REQUIREMENT ▸ Beginning with the line that contains "Black Jellyfish Silhouette", transcribe the rest of the listing below exactly, including its last line, and exclude any pictures.
- - - - - - -
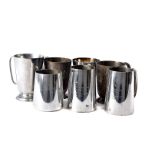 Twenty one silver plated tankards, some by Walker & Hall with British Army insignias, some other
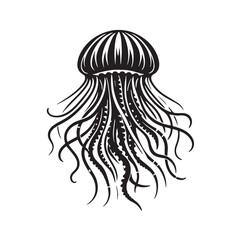 Black Jellyfish Silhouette Vector, High Quality Illustration on White Background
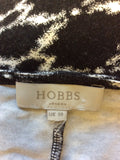 HOBBS BLACK & WHITE PRINT STRETCH JERSEY DRESS SIZE 10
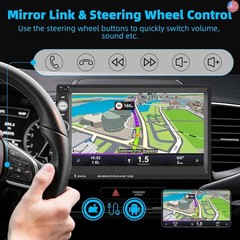 UNITOPSCI Double Din Car Stereo 7 Inch Touch Screen Car Audio Radio with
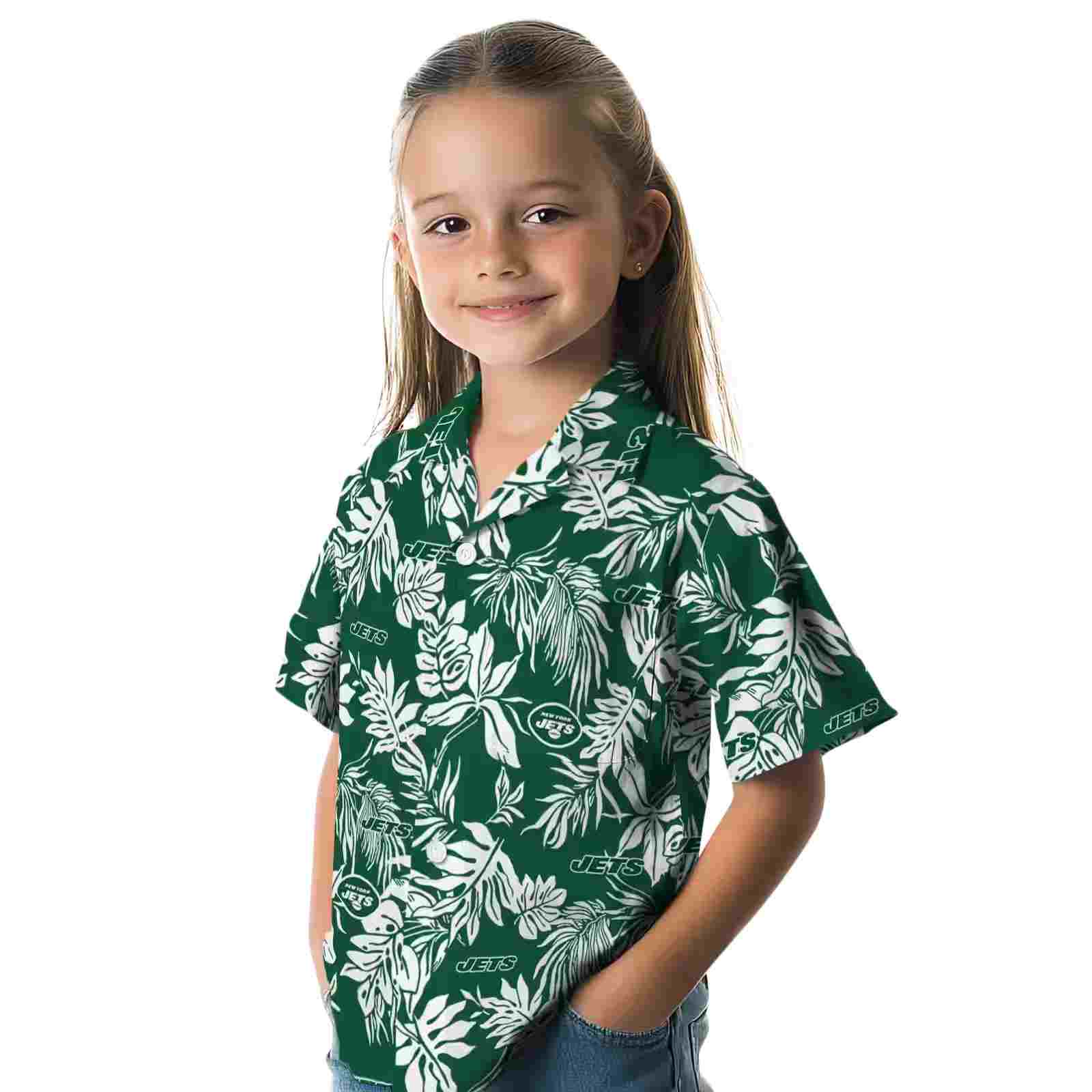 new york jets tropical leaf green white hawaiian shirt premium grade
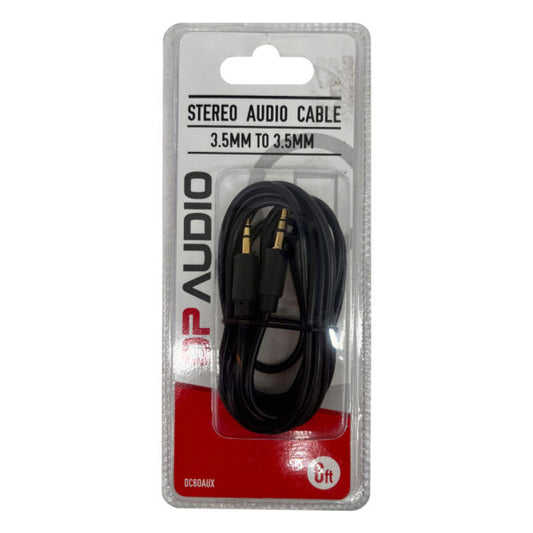 DP Audio 6 Foot 3.5mm Stereo Auxiliary Audio Cable DP Audio 6 Foot 3.5mm Stereo Auxiliary Audio Cable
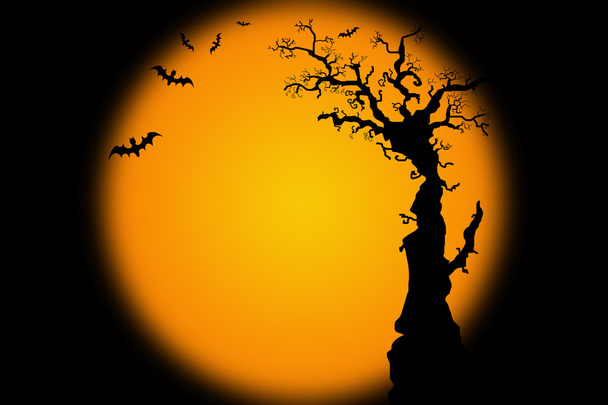 Hallowwen background illustration with bat tree - Fotoğraf, Görsel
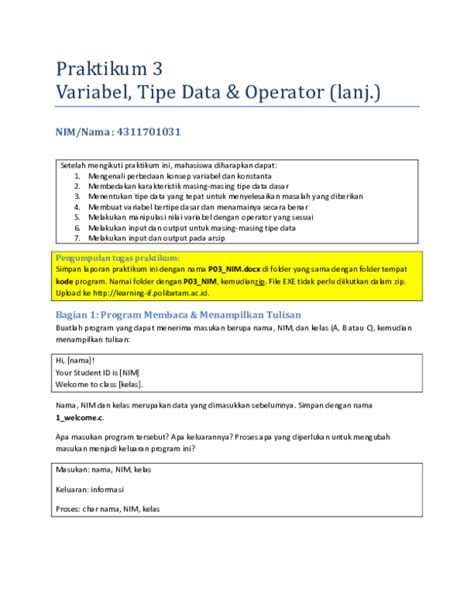 Doc Praktikum 3 Variabel Tipe Data And Operator Lanj Hadinata Salim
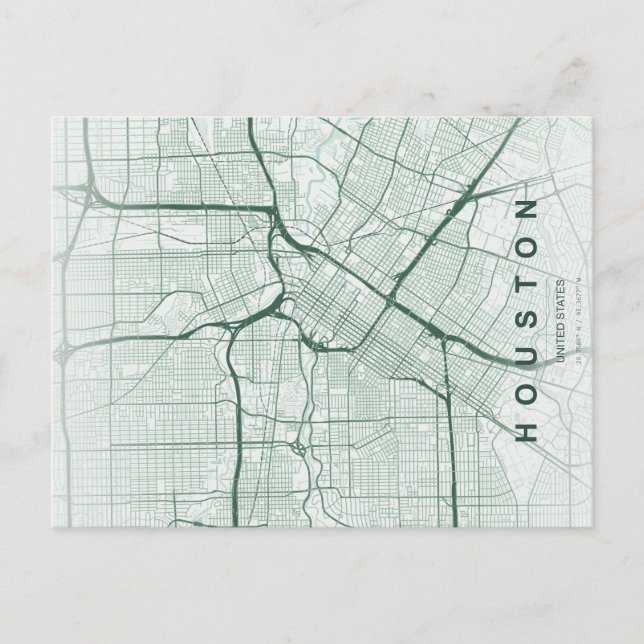 Houston City Map Minimal Postcard (Front)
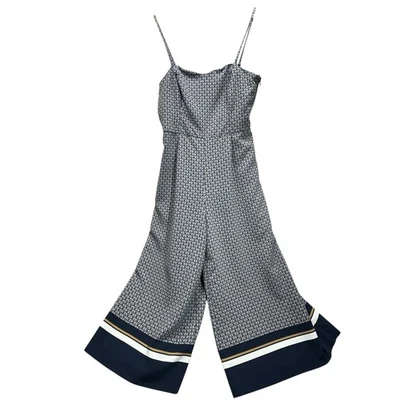 Mono H&M Pierna Ancha Una Pieza Talla 12 Azul Tostado Geométrico Resort Crucero Marino Foto 1 de 4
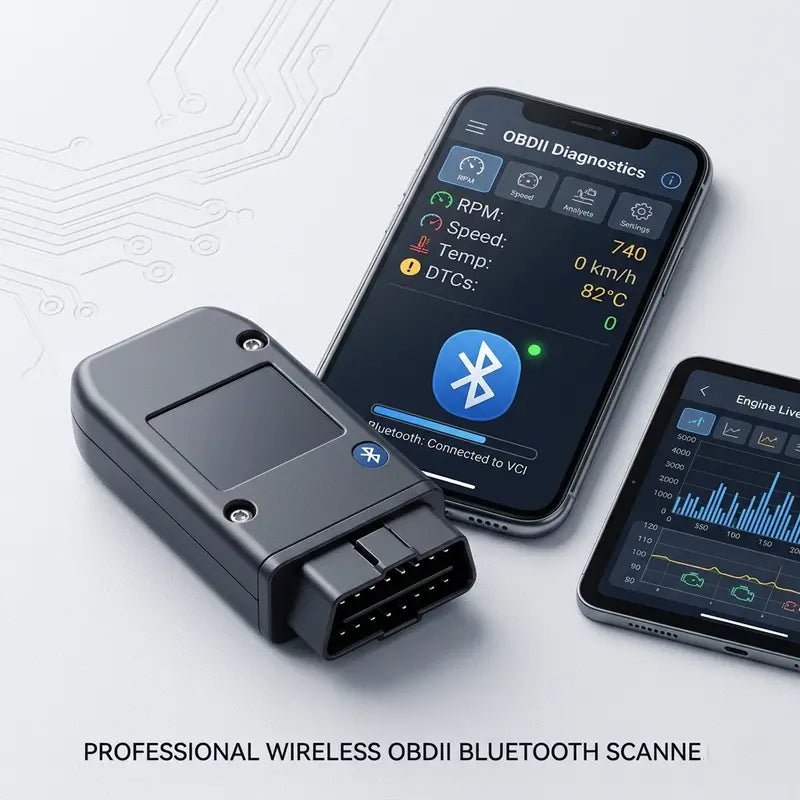 Scanner OBD2 Bluetooth pour diagnostic moteur automobile via smartphone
- - - - - - -
THE ANSWER ▸
 Black Jellyfish Silhouette Vector, High Quality Illustration on White Background
 HOBBS BLACK & WHITE PRINT STRETCH JERSEY DRESS SIZE 10
 UNITOPSCI Double Din Car Stereo 7 Inch Touch Screen Car Audio Radio with
 new york jets tropical leaf green white hawaiian shirt premium grade
 DP Audio 6 Foot 3.5mm Stereo Auxiliary Audio Cable DP Audio 6 Foot 3.5mm Stereo Auxiliary Audio Cable
 Hallowwen background illustration with bat tree - Fotoğraf, Görsel
 Doc Praktikum 3 Variabel Tipe Data And Operator Lanj Hadinata Salim
 Houston City Map Minimal Postcard (Front)
 Mono H&M Pierna Ancha Una Pieza Talla 12 Azul Tostado Geométrico Resort Crucero Marino Foto 1 de 4
 Scanner OBD2 Bluetooth pour diagnostic moteur automobile via smartphone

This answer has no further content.